PALERMO – Si sono dati appuntamento a Enna per dare vita a quella che non vogliono chiamare una corrente. Al suo interno ci sono i nomi della vecchia e della nuova nomenklatura del Partito democratico: c’è un sottosegretario, Giuseppe Beretta, ci sono tre deputati (Maria Iacono, Maria Greco e Pippo Zappulla) e numerosi ex parlamentari come Tonino Russo, Franco Piro, Angelo Capodicasa, Marilena Samperi e Alessandra Siragusa, ma soprattutto c’è lui, l’uomo della discordia: Mirello Crisafulli, protagonista in questi giorni dello scontro con il Megafono e con Beppe Lumia. La linea, in fondo, è sempre quella: “Il Megafono – spiega Russo, uno degli uomini di punta del nuovo gruppo – è di fatto un partito. Chi sostiene un partito alternativo al Pd è incompatibile. Non ci sono santi che tengano”.
Crocetta, però, è stato molto chiaro: la nascita del Megafono è stata autorizzata da Bersani in persona.

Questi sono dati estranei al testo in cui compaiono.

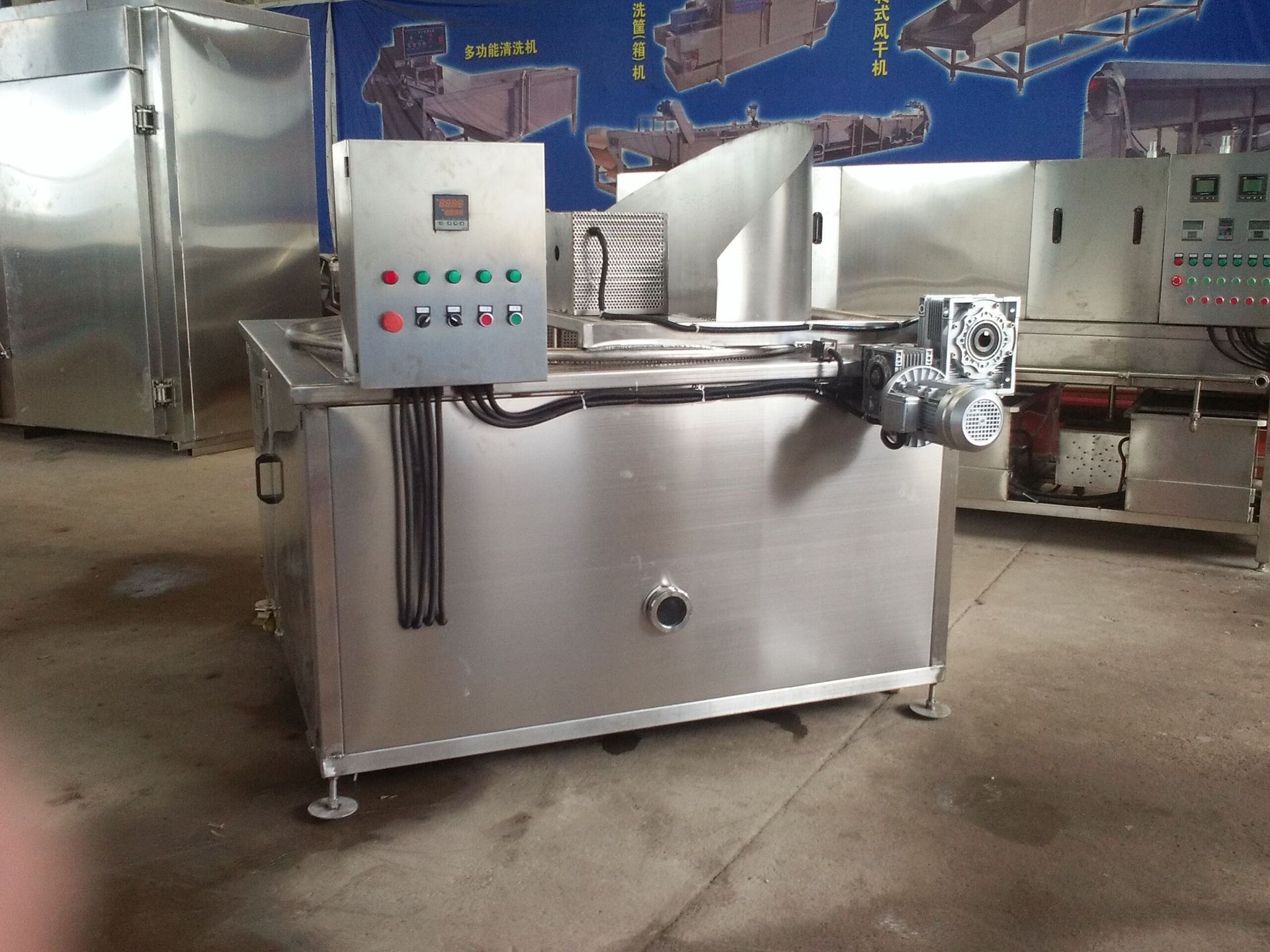 首页 食品饮料 食品饮料加工设备 油炸锅 >手动翻转式油水分离油炸机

“Qui c’è un equivoco grave. Se Bersani ha autorizzato qualcosa, ha autorizzato la nascita di una lista. Qui, invece, è nato un partito. Non è possibile avere la doppia militanza: per le nostre regole è vietato essere sostenitori di altri partiti. La poligamia non è possibile, bisogna scegliere: o la moglie o l’amante”.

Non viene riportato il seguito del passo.